Prompt: For each entry below, copy the text exactly and leave out any picture.
# # # # #
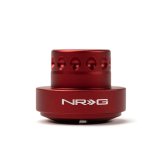 NRG Short Hub Adapter 96-00 Honda Civic / 94-02 Accord / 01-07 Fit - Matte Red thumbnail 2
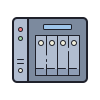 color hand drawn style nas icon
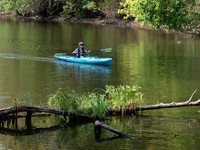 Karen Kayaking on Navasota River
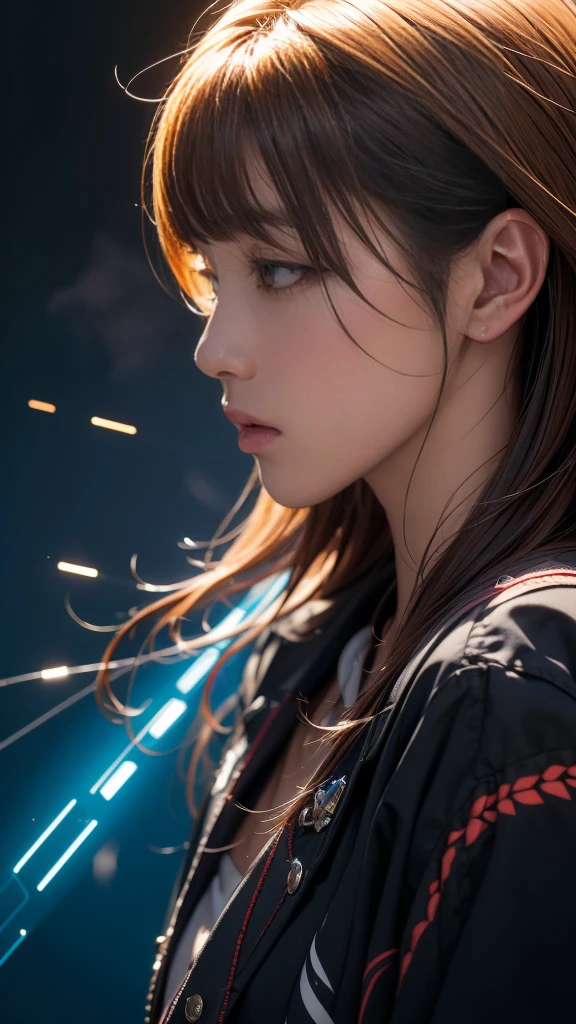 Absurd, Very detailedな,(In 8K:1.3),(masterpiece:1.2)、(Highest quality)、4K、Very detailed、(kinematic structure:1.4)、(Shining Light、Atmospheric lighting), High resolution, Highest quality、(One person:1.4),Very detailedな,Bright colors、Treebreak Production Art、(Warm color Light Source:1.2),high resolution、Excellent image quality、Intricate details,Volumetric lighting,Realはm BREAK、profile、 Very beautiful face and eyes, Beautiful images、 Idol&#39;s face、、(Baby Face:1.4)、Natural Makeup、Big eyes、(Big Breasts:1.4)、(Glowing Skin :1.5)、 (Downtown)、(Black Hair,short hair、Blunt bangs)、(Detailed clothing features、Fits perfectly to the skin、white、Knitted sweater:1.4)、(Detailed clothing features、Fits perfectly to the skin、jeans:1.2)、(Grin:1.2), (Shoot in the back:1.4)、(Nice ass:1.5)、(From below:1.4)
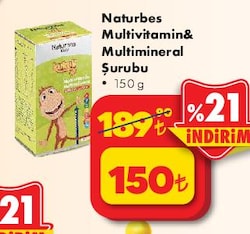 Naturbes Multivitamin Multimineral Şurup 150 ml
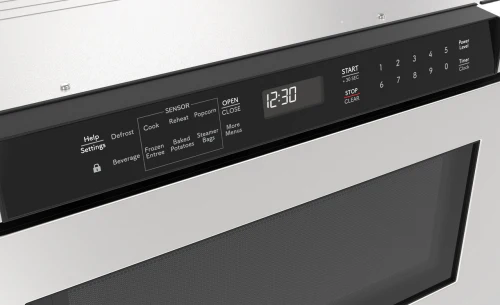24" Microwave Drawer with 1.2 cu ft cavity,  950W, Sensor, angled touch - Image 5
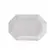 Travessa Rasa Oitavada Oval 28cm Porcelana Schmidt - Mod. Prisma 077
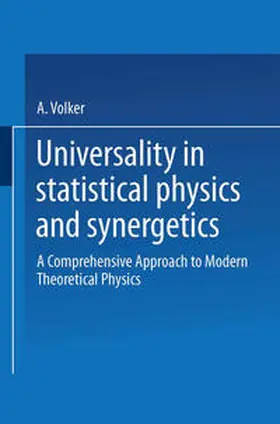 Weberruß |  Universality in Statistical Physics and Synergetics | eBook | Sack Fachmedien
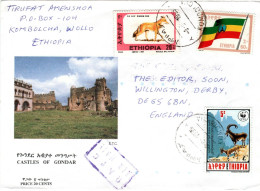 ETHIOPIA, WWF, Letter,  Walia Ibex, Fox    /    ÉTHIOPIE,  Lettre, Bouquetin, Renard - Game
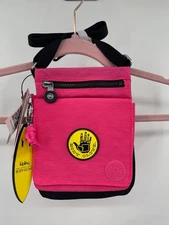 KIPLING  New Eldorado Crossbody Bag /Adj Strap Flashy Pink NWT Body Glove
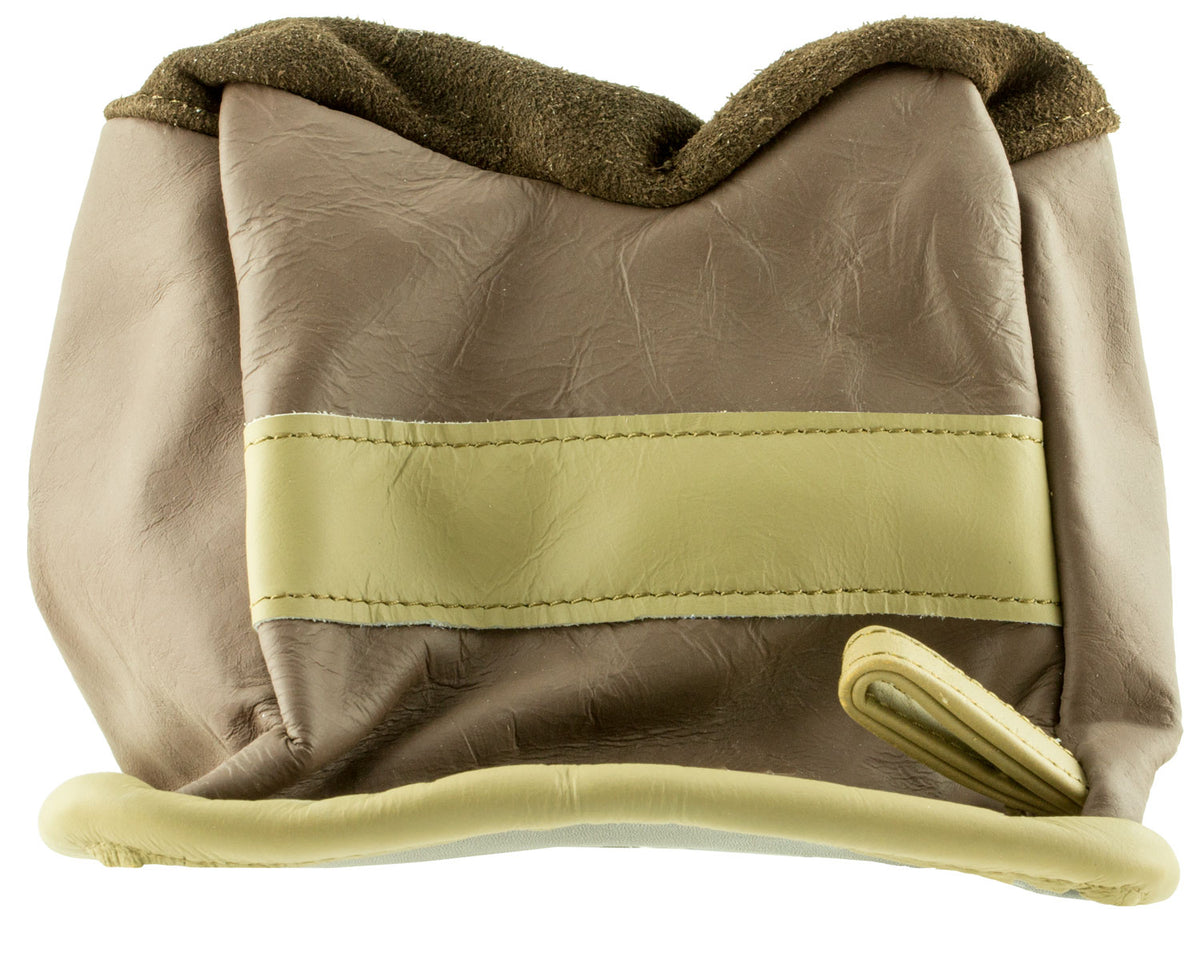 BenchMaster BMALBBME Medium Empty Tan Leather Rifle Front Bench Bag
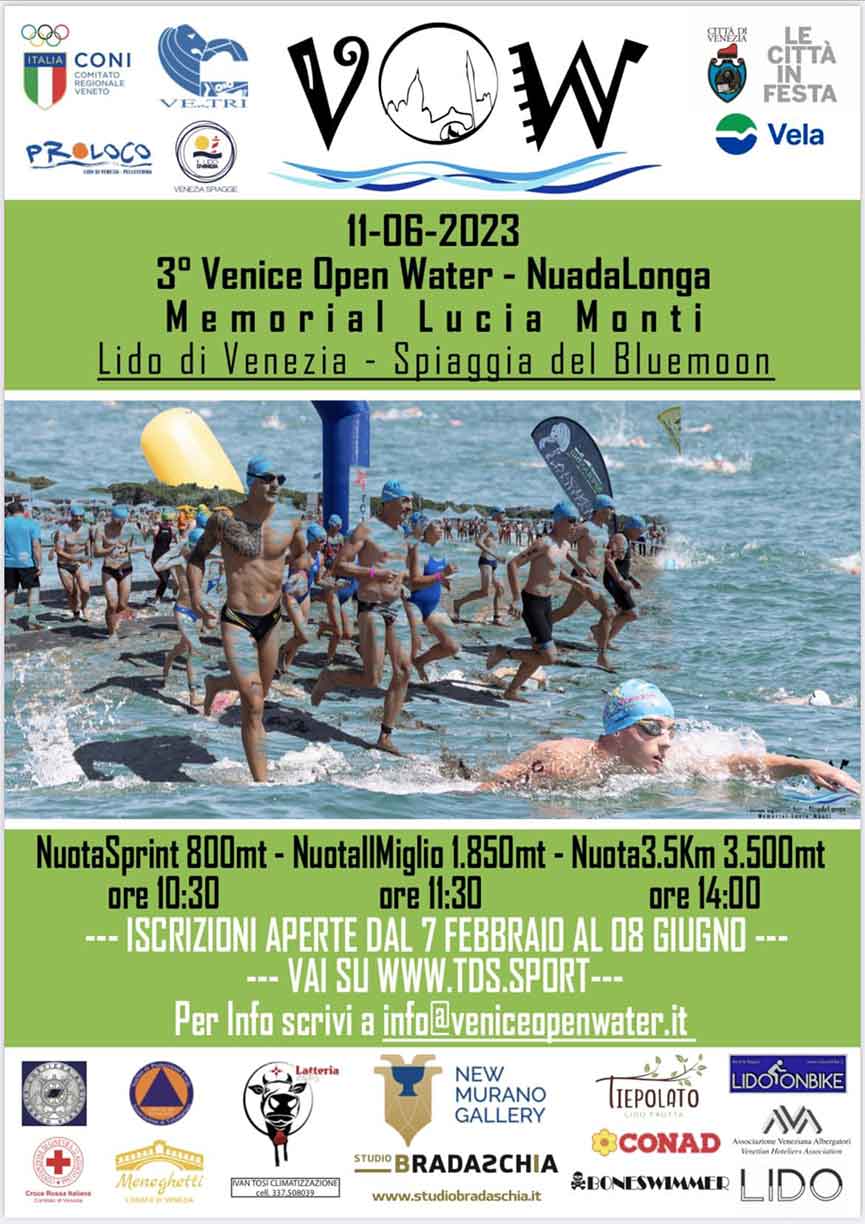 Venice Open Water - Nuadalonga 2023 al Lido di Venezia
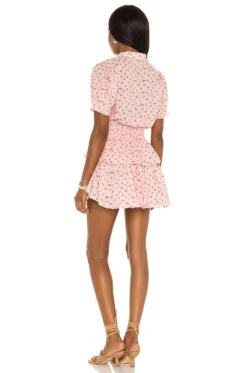 LoveShackFancy X REVOLVE Alfie Dress Peachy Sprinkle -LoveShackFancy Shop LESH WD456 V3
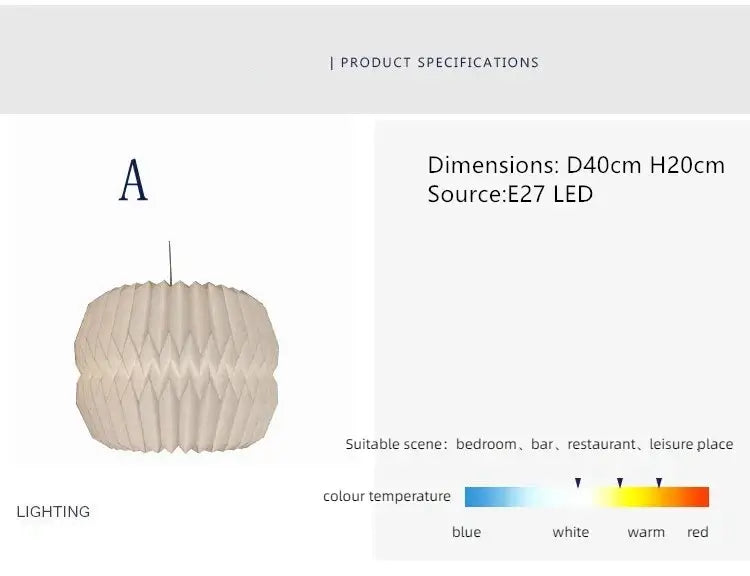 BowLift | Exquisite Origami-Inspired Paper Lantern for Elegant Ambiance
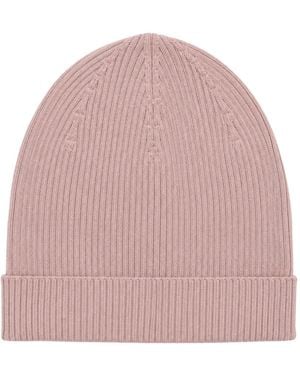 Rick Owens Ribbed-Knit Beanie Hat - Pink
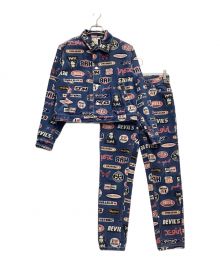 Hysteric Glamour×X-GIRL（ヒステリックグラマー×エックスガール）の古着「セットアップ」｜ブルー×ピンク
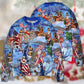 American Patriotic Santa Christmas Sweater For Family Gatherings Winter Travel And Everyday Seasonal Comfort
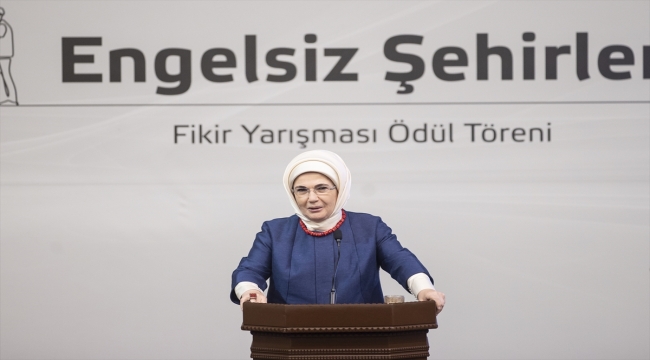 Emine Erdoğan, Engelsiz Şehirler Fikir ve Proje Yarışması Ödül Töreni'nde konuştu: 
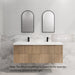 600-1800*450*550mm Bali American Oak MR Melamined Board Panel With PVC Coating Fluted Wall Hung Vanity - HD reno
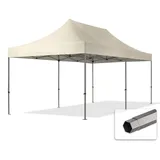 TOOLPORT Faltpavillon 3 x 6 m inkl. Seitenteile Creme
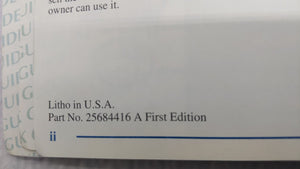 1999 Cadillac Seville Owners Manual Book Guide OEM Used Auto Parts - Oemusedautoparts1.com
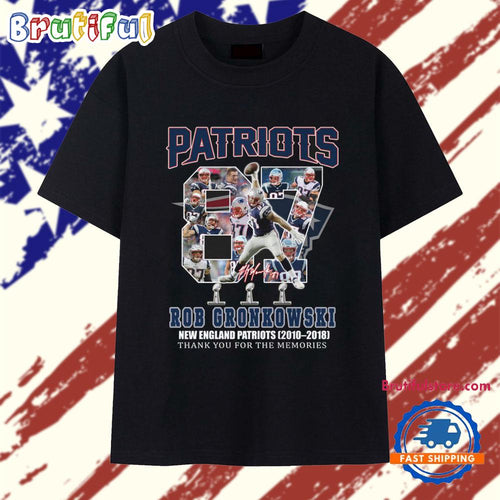 Rob Gronkowski New England Patriots Vintage T Shirt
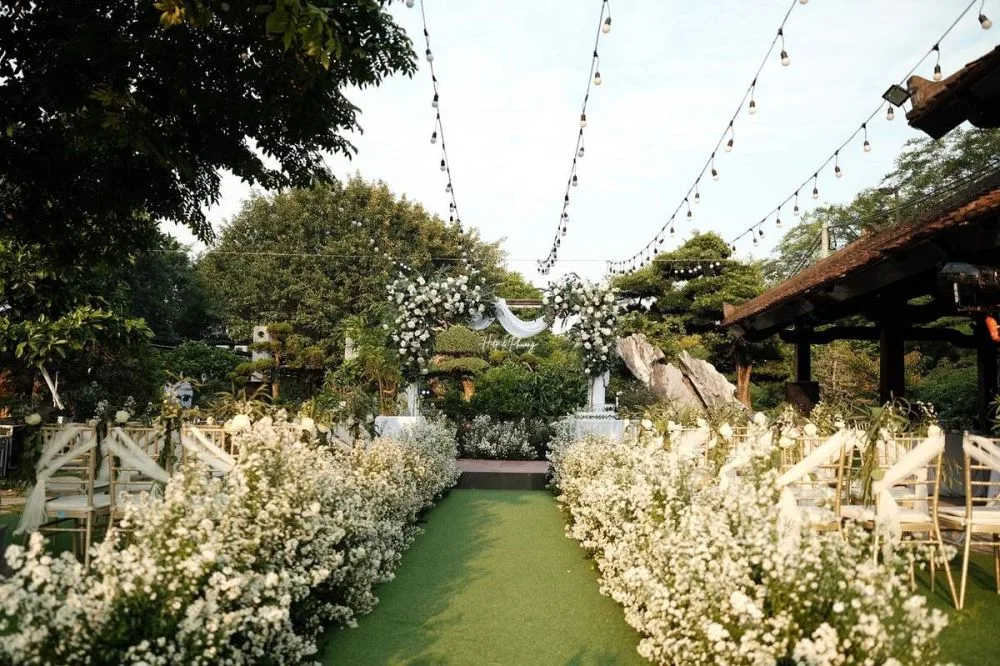 tổ chức tiệc cưới ngoài trời Hà Nội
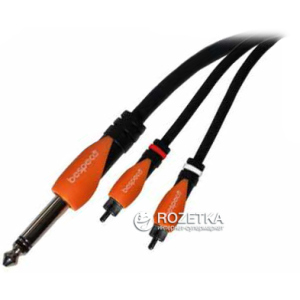 Інсертний кабель Bespeco SLYSRM180 1.8 м Black/Orange (23-14-4-19) ТОП в Івано-Франківську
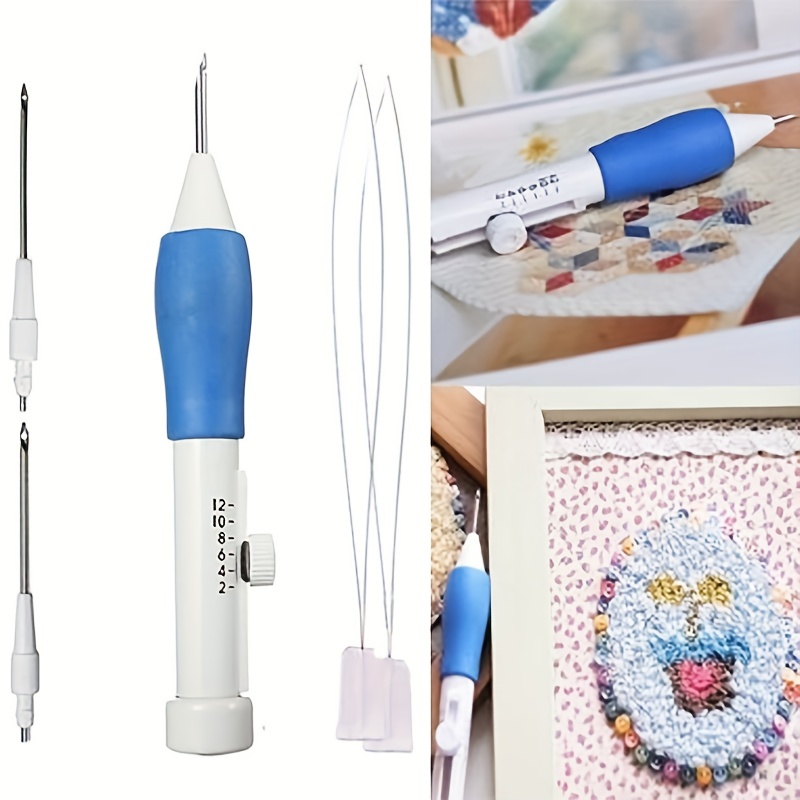 Magic Embroidery Pen, Punch Needle Tool, with 10 Color Embroidery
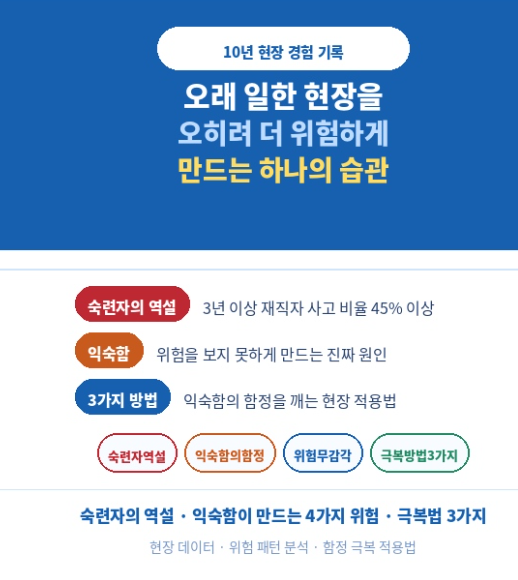 오래 일한 현장을 오히려 더 위험하게 만드는 하나의 습관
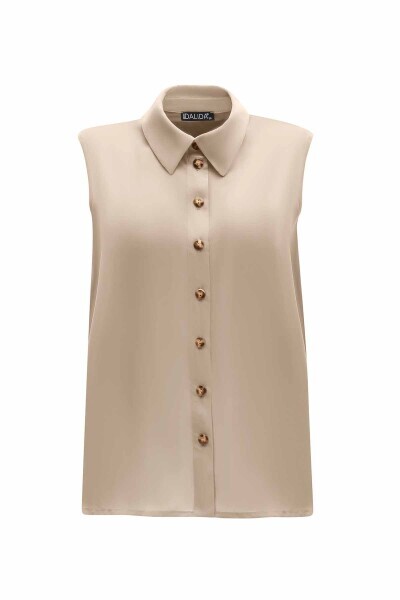 Double Breasted Waist Belted Tunic - 2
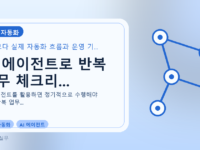 AI 에이전트로 반복 업무 체크리...를 설명하는 대표 이미지
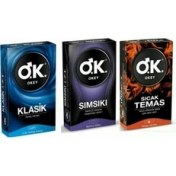 Resim Okey Prezervatif Klasik 10 Lu + Sımsıkı 10 Lu + Sıcak Temas 10 Lu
# # # # #
Answer:
 NRG Short Hub Adapter 96-00 Honda Civic / 94-02 Accord / 01-07 Fit - Matte Red thumbnail 2
 color hand drawn style nas icon
 Karen Kayaking on Navasota River
 Absurd, Very detailedな,(In 8K:1.3),(masterpiece:1.2)、(Highest quality)、4K、Very detailed、(kinematic structure:1.4)、(Shining Light、Atmospheric lighting), High resolution, Highest quality、(One person:1.4),Very detailedな,Bright colors、Treebreak Production Art、(Warm color Light Source:1.2),high resolution、Excellent image quality、Intricate details,Volumetric lighting,Realはm BREAK、profile、 Very beautiful face and eyes, Beautiful images、 Idol&#39;s face、、(Baby Face:1.4)、Natural Makeup、Big eyes、(Big Breasts:1.4)、(Glowing Skin :1.5)、 (Downtown)、(Black Hair,short hair、Blunt bangs)、(Detailed clothing features、Fits perfectly to the skin、white、Knitted sweater:1.4)、(Detailed clothing features、Fits perfectly to the skin、jeans:1.2)、(Grin:1.2), (Shoot in the back:1.4)、(Nice ass:1.5)、(From below:1.4)
 Naturbes Multivitamin Multimineral Şurup 150 ml
24" Microwave Drawer with 1.2 cu ft cavity,  950W, Sensor, angled touch - Image 5
 Travessa Rasa Oitavada Oval 28cm Porcelana Schmidt - Mod. Prisma 077
 Weberruß |  Universality in Statistical Physics and Synergetics | eBook | Sack Fachmedien
 ETHIOPIA, WWF, Letter,  Walia Ibex, Fox    /    ÉTHIOPIE,  Lettre, Bouquetin, Renard - Game
 KIPLING  New Eldorado Crossbody Bag /Adj Strap Flashy Pink NWT Body Glove
 BenchMaster BMALBBME Medium Empty Tan Leather Rifle Front Bench Bag
 Venice Open Water - Nuadalonga 2023 al Lido di Venezia
 LoveShackFancy X REVOLVE Alfie Dress Peachy Sprinkle -LoveShackFancy Shop LESH WD456 V3
 BowLift | Exquisite Origami-Inspired Paper Lantern for Elegant Ambiance
 Rick Owens Ribbed-Knit Beanie Hat - Pink
 Hysteric Glamour×X-GIRL（ヒステリックグラマー×エックスガール）の古着「セットアップ」｜ブルー×ピンク
 American Patriotic Santa Christmas Sweater For Family Gatherings Winter Travel And Everyday Seasonal Comfort
 Emine Erdoğan, Engelsiz Şehirler Fikir ve Proje Yarışması Ödül Töreni'nde konuştu: 
 600-1800*450*550mm Bali American Oak MR Melamined Board Panel With PVC Coating Fluted Wall Hung Vanity - HD reno
 TOOLPORT Faltpavillon 3 x 6 m inkl. Seitenteile Creme
 1999 Cadillac Seville Owners Manual Book Guide OEM Used Auto Parts - Oemusedautoparts1.com
 Rob Gronkowski New England Patriots Vintage T Shirt
 tổ chức tiệc cưới ngoài trời Hà Nội
 Інсертний кабель Bespeco SLYSRM180 1.8 м Black/Orange (23-14-4-19) ТОП в Івано-Франківську
 Magic Embroidery Pen, Punch Needle Tool, with 10 Color Embroidery
 오래 일한 현장을 오히려 더 위험하게 만드는 하나의 습관
 Double Breasted Waist Belted Tunic - 2
 AI 에이전트로 반복 업무 체크리...를 설명하는 대표 이미지
 Resim Okey Prezervatif Klasik 10 Lu + Sımsıkı 10 Lu + Sıcak Temas 10 Lu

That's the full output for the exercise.